REQUIRED ACTION
In the records below, begin at the line containing "Stylish and sophisticated" and end at the line containing "Gucci by Tom"; quote every line in that span exactly, including both boundary lines, and no others.

DATA RECORDS
· · · · ·
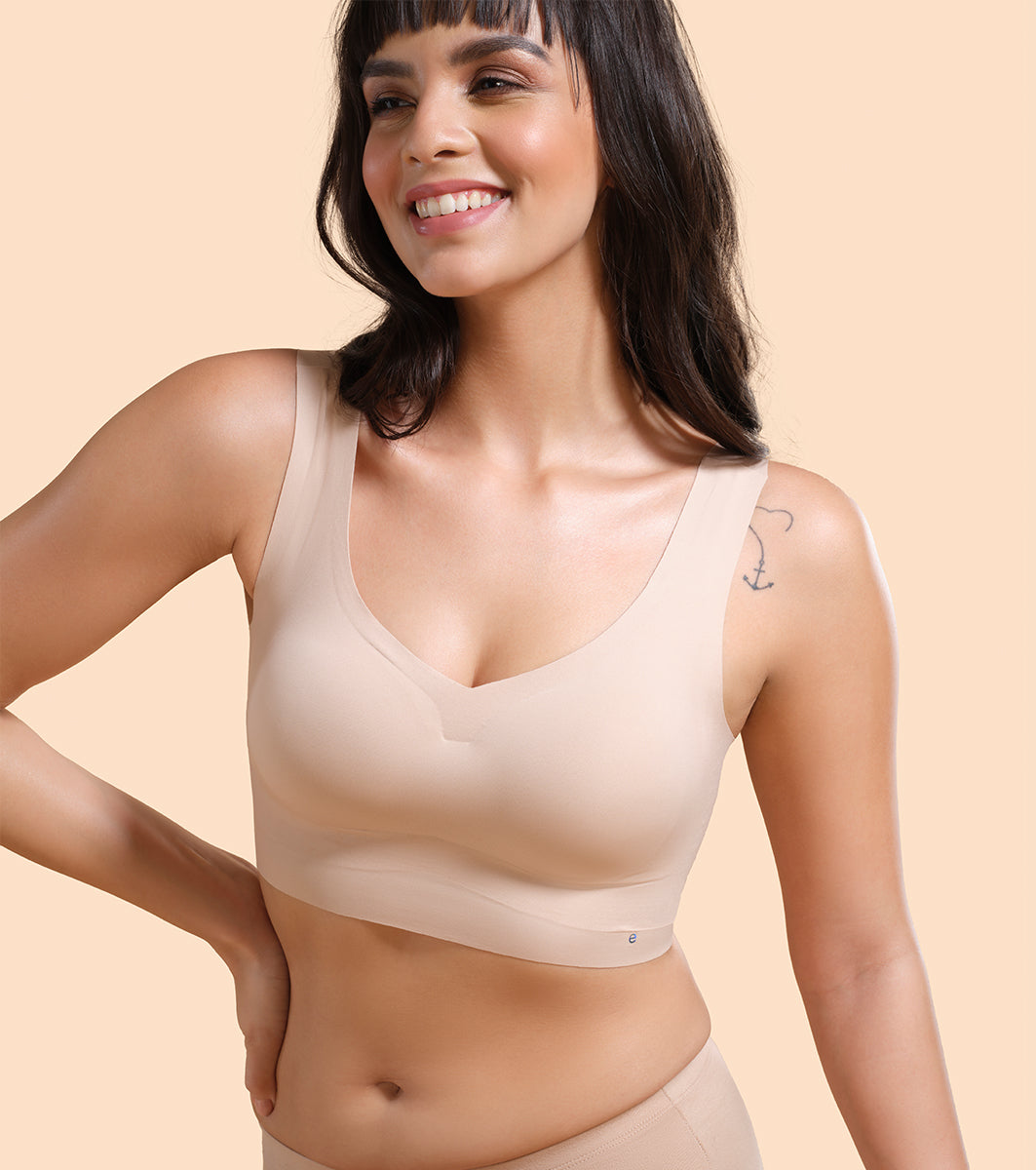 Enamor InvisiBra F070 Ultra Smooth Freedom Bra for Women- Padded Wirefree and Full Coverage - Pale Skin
· · · · ·
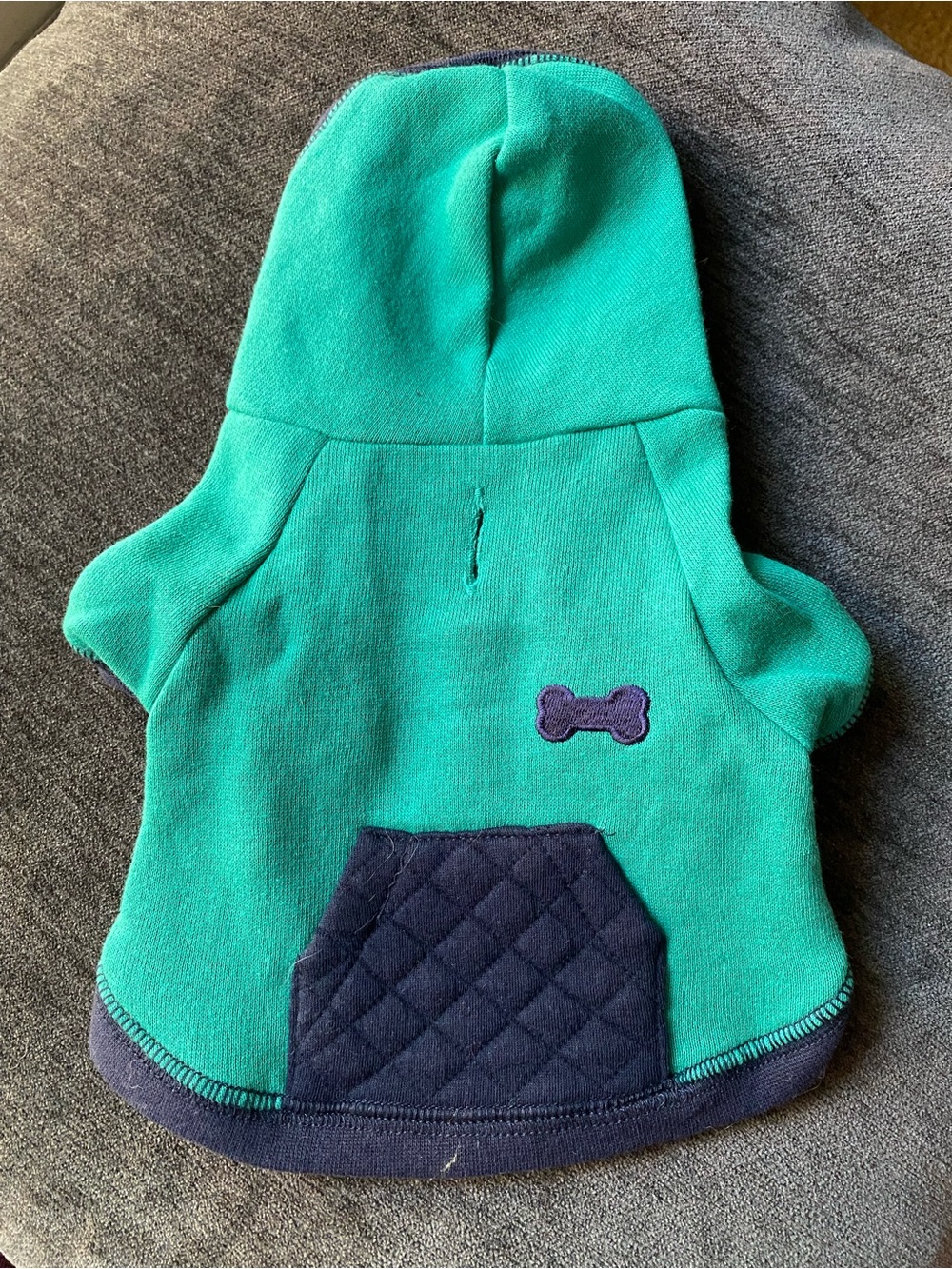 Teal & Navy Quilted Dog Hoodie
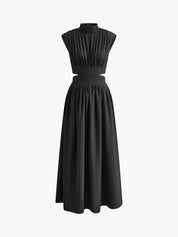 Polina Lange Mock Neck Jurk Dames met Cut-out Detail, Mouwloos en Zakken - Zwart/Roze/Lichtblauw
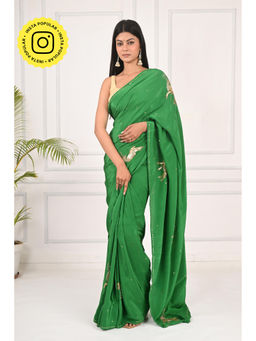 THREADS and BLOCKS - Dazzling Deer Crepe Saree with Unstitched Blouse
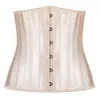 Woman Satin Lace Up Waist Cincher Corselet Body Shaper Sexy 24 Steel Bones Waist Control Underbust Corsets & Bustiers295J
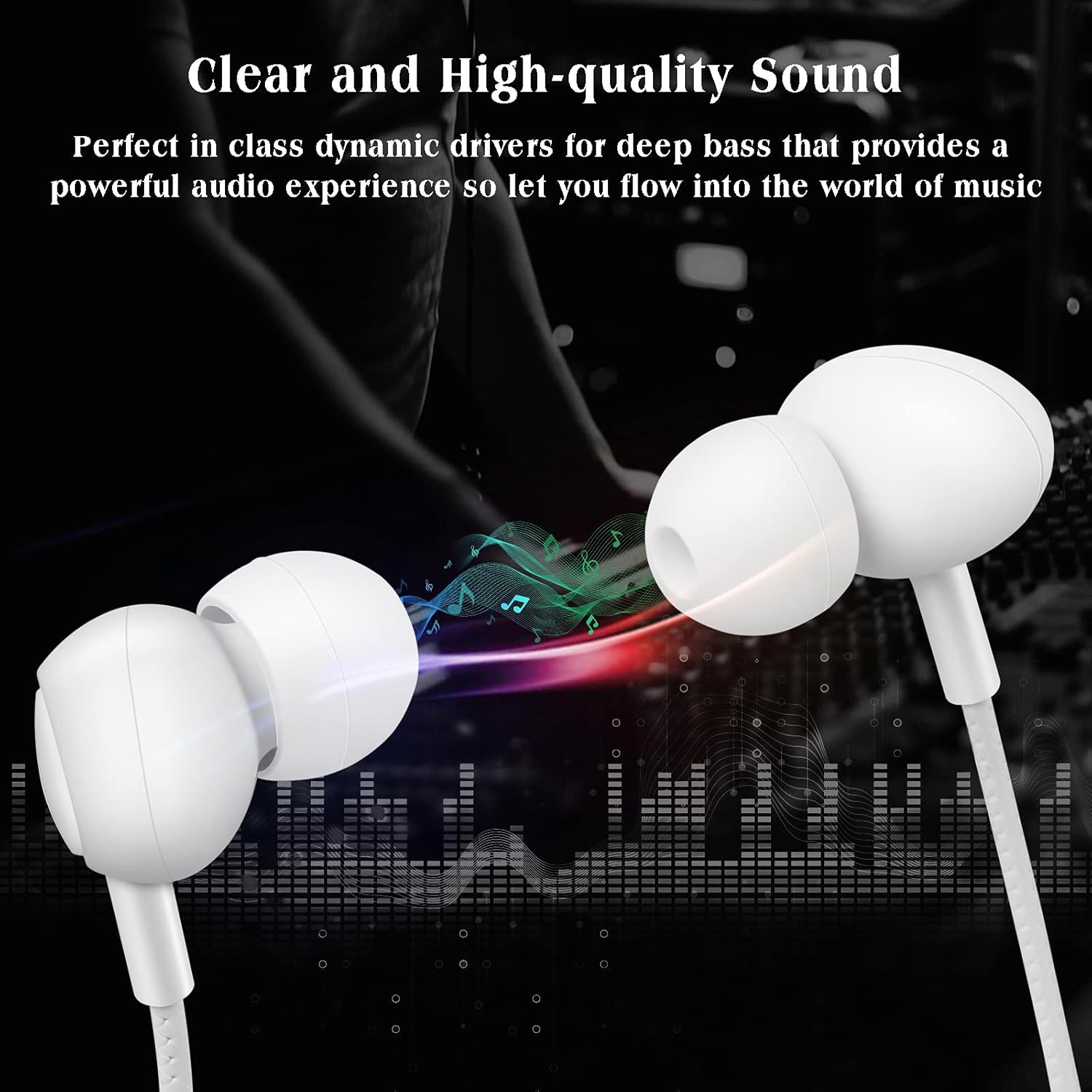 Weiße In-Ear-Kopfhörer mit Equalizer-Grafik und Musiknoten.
· · · · ·
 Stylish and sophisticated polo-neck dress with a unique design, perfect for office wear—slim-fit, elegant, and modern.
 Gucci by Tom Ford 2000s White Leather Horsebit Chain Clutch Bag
· · · · ·
RESULT
 Stylish and sophisticated polo-neck dress with a unique design, perfect for office wear—slim-fit, elegant, and modern.
 Gucci by Tom Ford 2000s White Leather Horsebit Chain Clutch Bag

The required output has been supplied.